During the 20th century, increasingly larger reflecting telescopes were built, with mirrors as large as 390 in (1,000 cm) in diameter. Studies with these instruments revealed the structure of huge distant assemblages of stars, called galaxies, and of clusters of galaxies. In the second half of the 20th century, developments in physics led to new classes of astronomical instruments, some of which have been placed on Earth-orbiting satellite observatories. These instruments were sensitive to a wide variety of radiation wavelengths, including the gamma-ray, X ray, ultraviolet, infrared, and radio regions of the electromagnetic spectrum. Astronomers began to study not only planets, stars, and galaxies but also plasmas (hot, ionized gases) surrounding double stars, interstellar regions that are the birthplaces of new stars, cold dust grains that are invisible in the optical regions, energetic nuclei of galaxies that may contain black holes, and photons originating from the big bang that may yield information about the early history of the universe.

IX. The Solar System

(see also Solar System) Newton's law of gravitation postulated an attractive force between the Sun and each of the planets in order to explain Kepler's laws of elliptical motion.
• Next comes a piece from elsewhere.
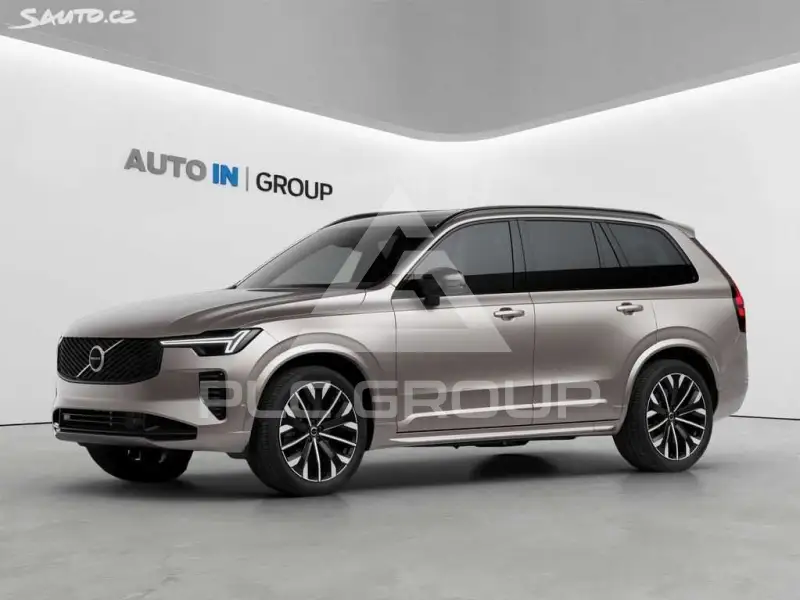 2026 Volvo XC90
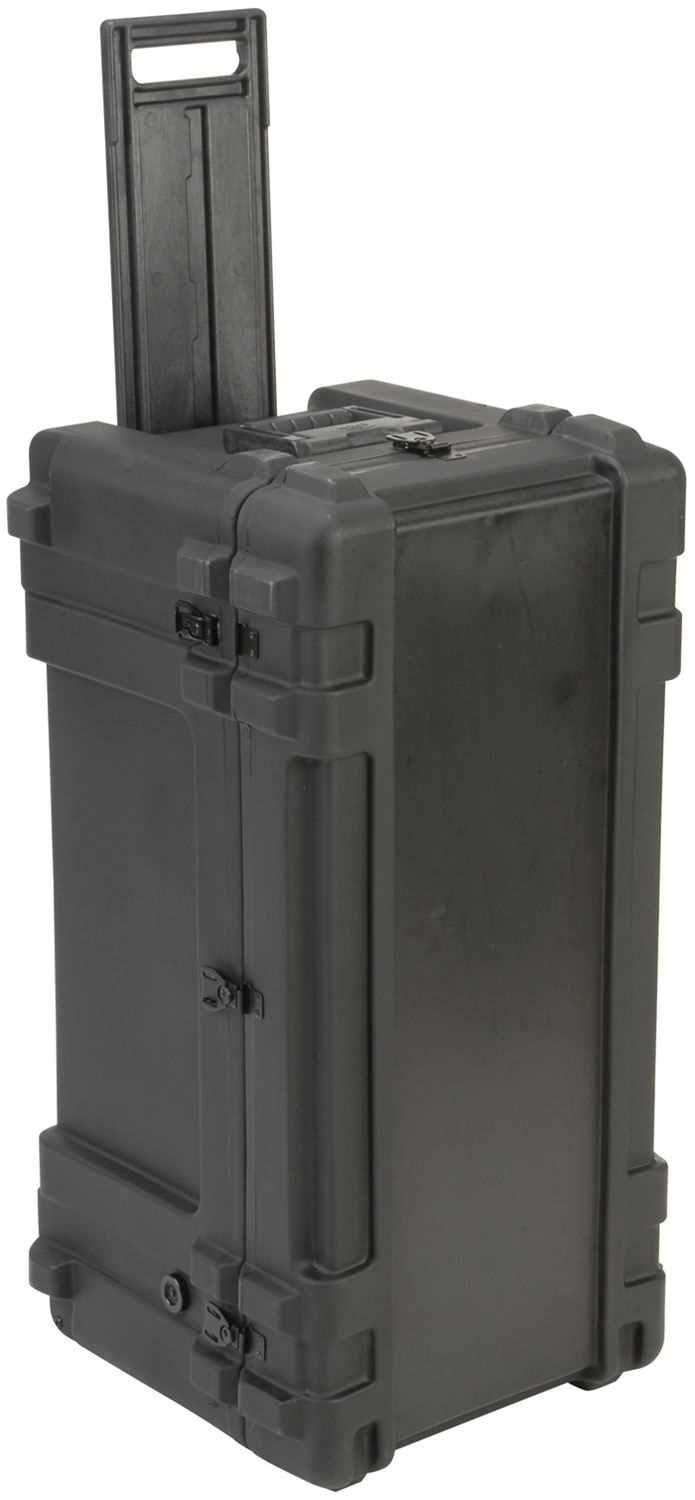 SKB 3R321415BEW Molded Equipment Case - ProSound and Stage Lighting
It also implied, however, that much smaller forces must exist between the planets themselves and between the Sun and other bodies such as comets. The interplanetary gravitational forces cause the orbits of the planets to deviate from simple elliptical motion. Most of these irregularities, predicted on the basis of Newton's theory, could be observed only with the telescope.
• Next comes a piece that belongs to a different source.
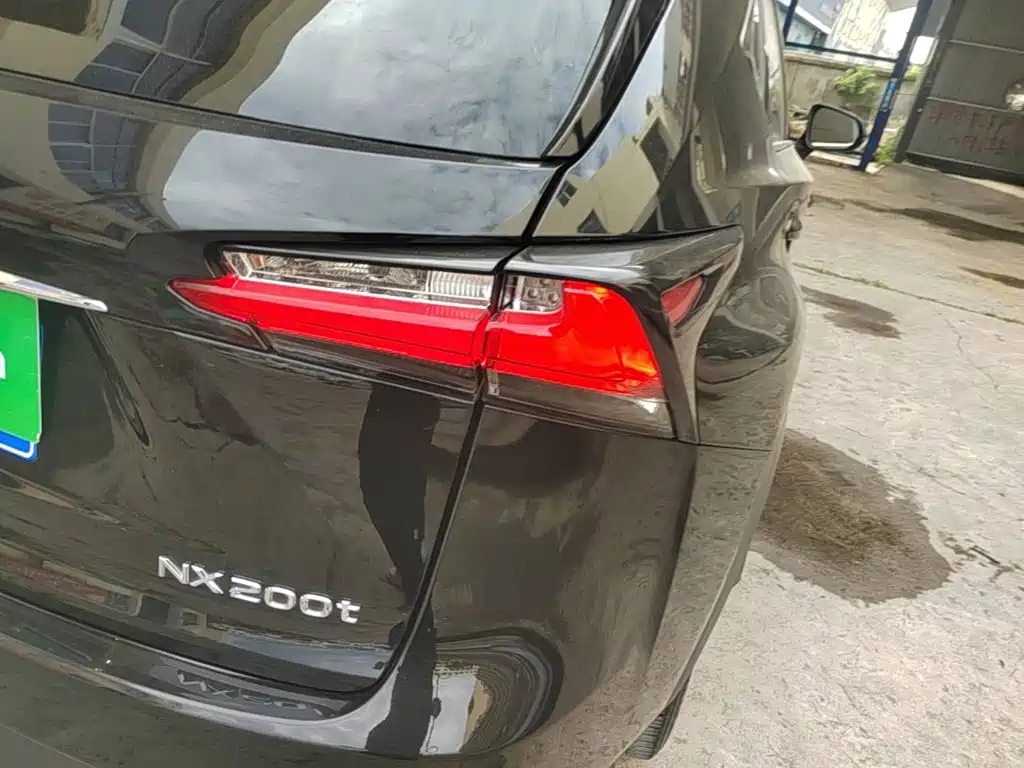 Lexus NX 2015 2015 200t AWD F Sport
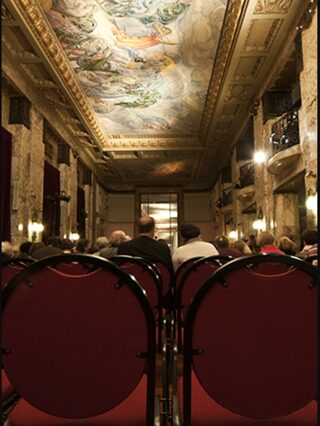 Concert de musique de chambre - Quatuor avec flûte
Observation of planet positions was improved as a result of the development of more accurate astronomical instruments and photographic techniques. Correspondingly, mathematical calculations enabled later astronomers to predict planetary positions years in advance, with an accuracy approximating that of the observed positions. Computers helped perform more and more complicated calculations, enabling more and more accurate results.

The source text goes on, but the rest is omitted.